═════ Given data ═════
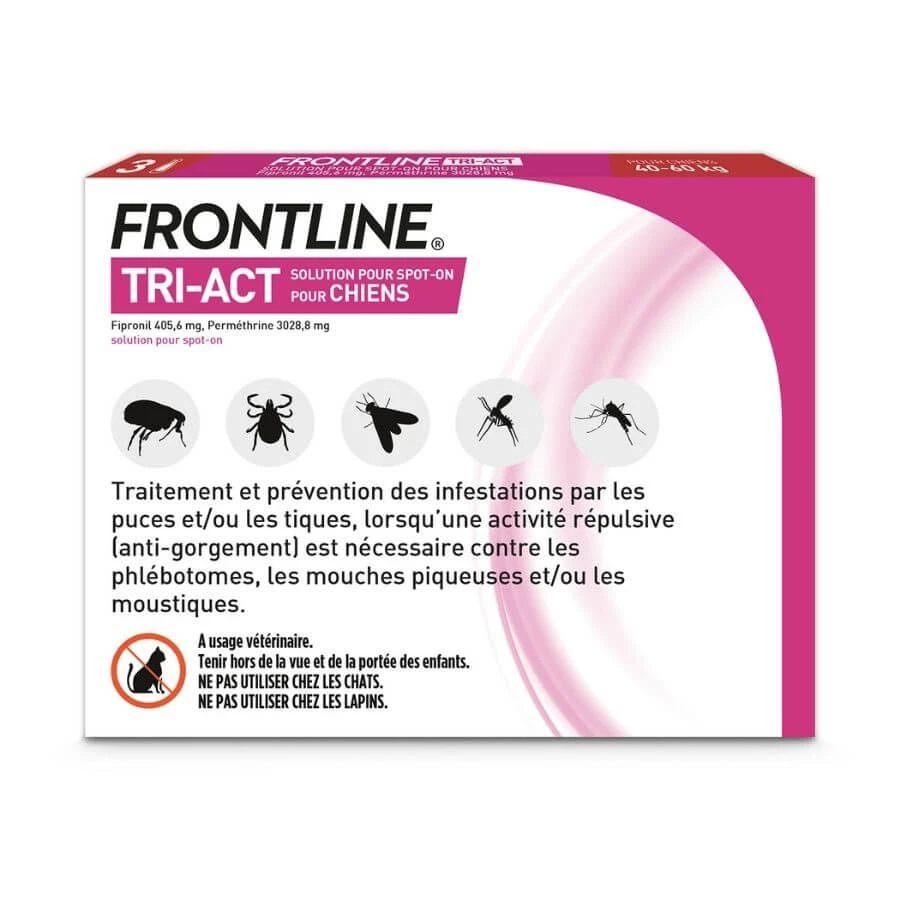Frontline Tri Act spot on Très Grand Chien 40 - 60 kg 3 pipettes Frontline Tri Act Spot On Très Grand Chien 40 - 60 Kg 3 Pipettes -Magasin De Fournitures Pour Chiens De Compagnie frontline tri act spot on tres grand chien 40 60 kg 3 pipettes 2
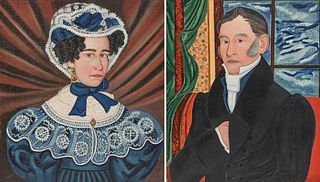 AMERICAN SCHOOL, Philadelphia, 1825-1830, Pair of Portraits: A Lady and A Gentleman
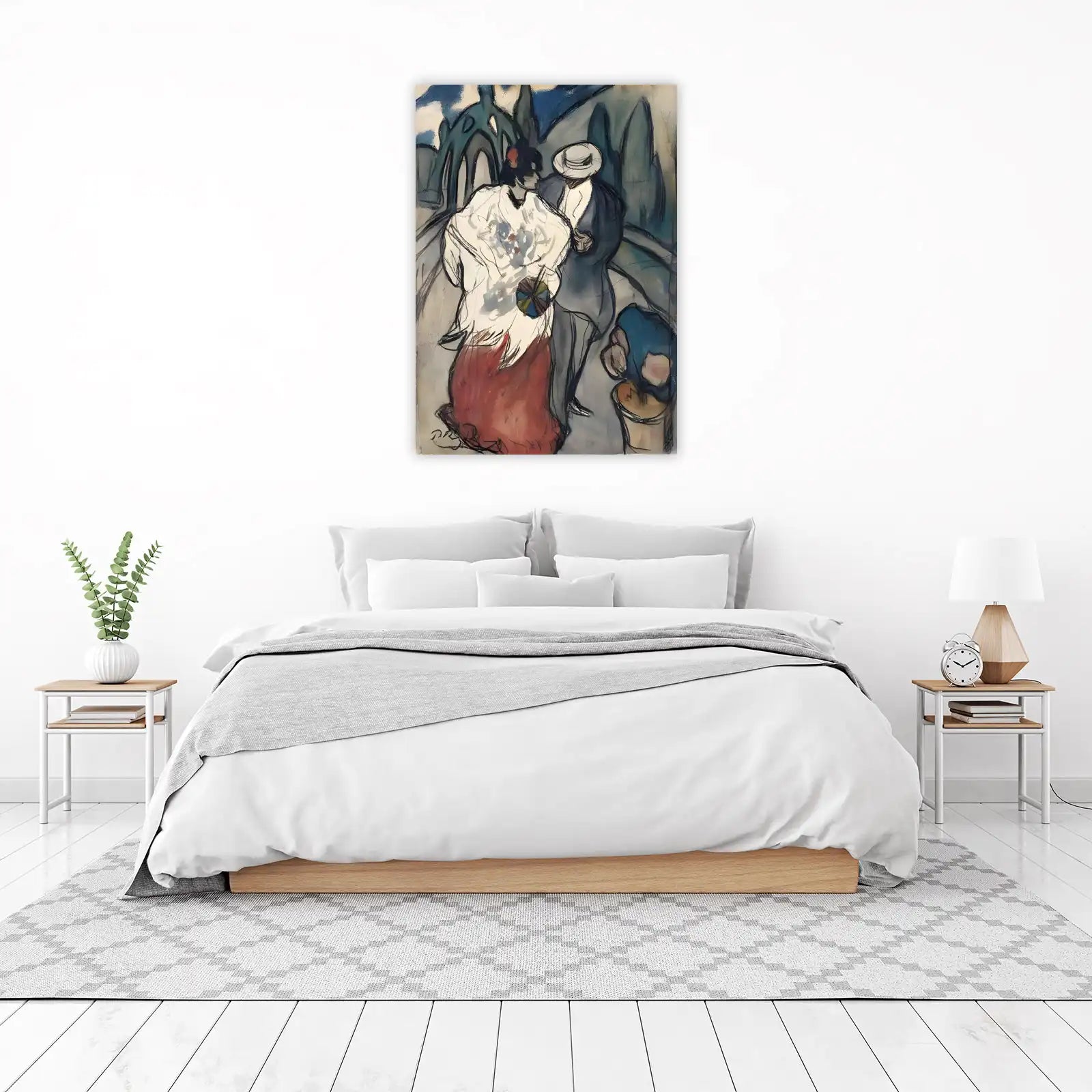 Abstract Figures on Bridge Wall Art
═════
**Task instructions:** Would you return the material exactly, images excluded?

**Answer box:**
Frontline Tri Act spot on Très Grand Chien 40 - 60 kg 3 pipettes Frontline Tri Act Spot On Très Grand Chien 40 - 60 Kg 3 Pipettes -Magasin De Fournitures Pour Chiens De Compagnie frontline tri act spot on tres grand chien 40 60 kg 3 pipettes 2
 AMERICAN SCHOOL, Philadelphia, 1825-1830, Pair of Portraits: A Lady and A Gentleman
 Abstract Figures on Bridge Wall Art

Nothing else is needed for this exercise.